Mike Huckabee’s departure left many wondering who will fill the void left by the charismatic former governor of Arkansas, whose popularity with social conservatives had him at or near the top of the early polls of possible GOP presidential candidates.
There is only one person who can do that and then some. His name is Herman Cain.
Who is Herman Cain? That was the question people were asking before the first GOP presidential debate on May 5 in South Carolina.
Cain not only won the debate, if the truth is known, he mopped the floor with his four opponents.
It’s early. Very few people watched that debate, but, mark my words, Cain will win every debate that follows in much the same way Mike Huckabee did in the run-up to the 2008 election.
In the 2008 race, it took a while for media elite and political insiders to acknowledge Huckabee as a serious candidate, but eventually his wit, straight talk and overwhelming charm propelled him into the first tier and split the conservative vote, which denied well-heeled Mitt Romney the nomination.
There are two other people who could fill the charisma gap left by Huckabee: former Alaska Gov. Sarah Palin and outspoken Minn. Rep. Michele Bachmann. The former is unlikely to run and has a tendency to dance around issues she should be knocking out of the park by now. The latter, though direct and media savvy, often makes verbal gaffs and is thin on leadership experience.
Mitt Romney has a Romneycare problem that will not go away. A businessman with much to offer a nation in big financial trouble, he is as exciting as cold oatmeal.
Newt Gingrich, though a charismatic leader, is liberal on environmental issues and has a commercial with Nancy Pelosi touting the dangers of global warming to prove it. If his serial marriages don’t trip him up, his thoughtless, over-the-top remarks about the Ryan budget should put him out of the race.
Rick Santorum hurt himself in 2004 by helping to re-elect liberal Penn. Sen. Arlen Specter instead of backing conservative Rep. Pat Toomey, and has been considered suspect by conservatives ever since.
Ron Paul is seen as weak on defense and, despite his reasoned approach to the role of government, is still a “niche” candidate.
Indiana Gov. Mitch Daniels has called for a truce on social issues – something Huck would never do.
Pawlenty, despite his bad start, is a true conservative who has been man enough to say his decision to back cap-and-trade policies was a big mistake.
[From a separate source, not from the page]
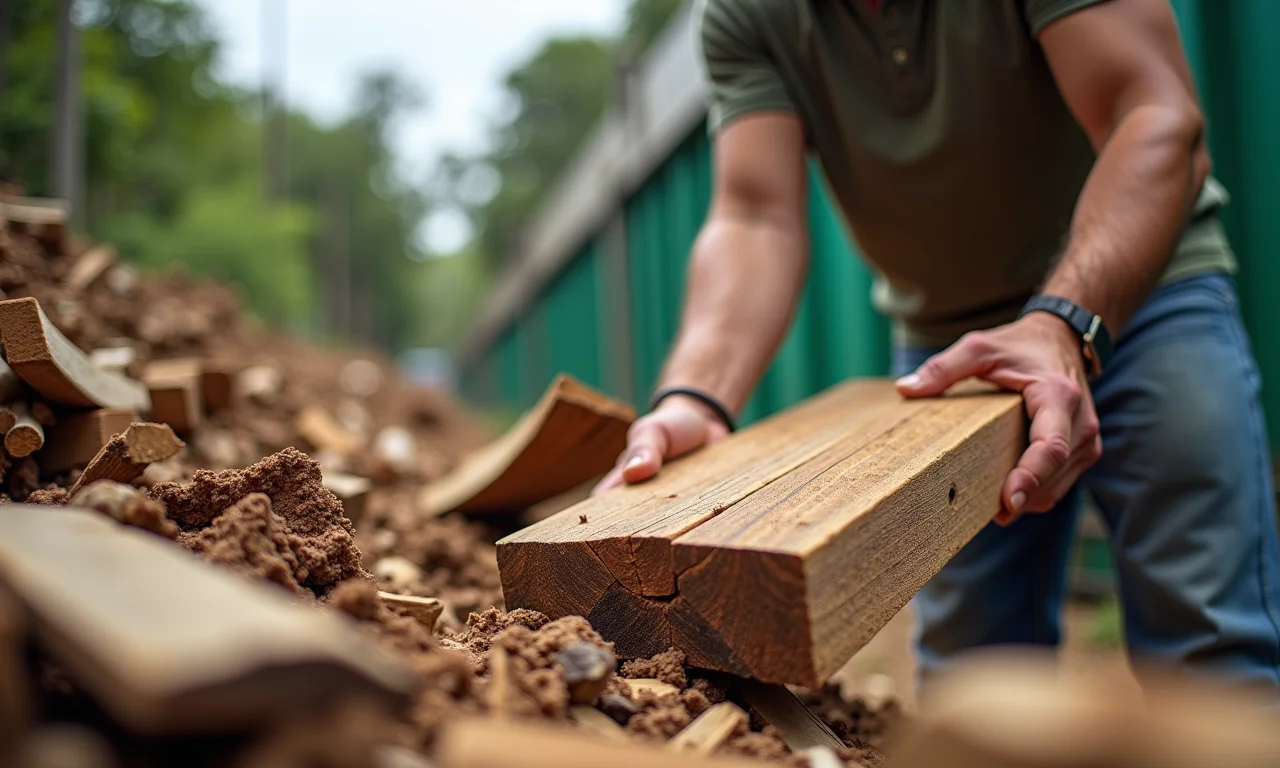 Encontrando madeira reciclada em um centro de reciclagem no Brasil.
Voters like that. Nevertheless, he does not have the ability to excite a crowd the way Huckabee can.
Cain not only has that ability, but he is a “true believer” who is rock solid on the moral issues. He also is rock solid on the economic issues, an area where Huckabee is weak.
Cain is best-known as the CEO of Godfather’s Pizza, but he has a business resume that is second to none. His is a true American success story. The son of a chauffeur and a cleaner earned a degree in mathematics from Morehouse College, then worked full-time in ballistics for the Navy while earning a master’s in computer science from Purdue.
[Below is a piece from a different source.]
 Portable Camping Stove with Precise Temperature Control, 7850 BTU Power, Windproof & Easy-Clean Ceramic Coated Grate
Cain was a business analyst for Coca-Cola, the world largest beverage company. He served as a vice president for Pillsbury and Burger King, working his way up to those positions by taking on the companies’ failing subsidiaries and franchises and turning them around.
He also served as CEO of the National Restaurant Association and was a director and then chairman of the Federal Reserve Bank of Kansas City. In the first debate over nationalized health care, Cain took on President Clinton and won that debate.
No, Cain has not held public office, but he has been around the political barn before. In 2004, he ran for a U.S. Senate seat in Georgia and came in second in the primary to the GOP’s hand-picked candidate, then-Rep. Johnny Isakson. By his own admission, Cain was slow getting into that race, and that is why he is expected to formally kick off his presidential campaign at an Atlanta rally this Saturday.
Cain is more Reaganesque than Huckabeeesque. These men were governors before becoming president. Nevertheless, Cain has more business experience then both put together, and that is what is desperately lacking in Washington.
Cain, a WND.com columnist, has spent the last couple of years spreading his ideas across the country and speaking to any group that will listen to his common-sense approach to governing. You will get to know this man and you will like him. I guarantee it.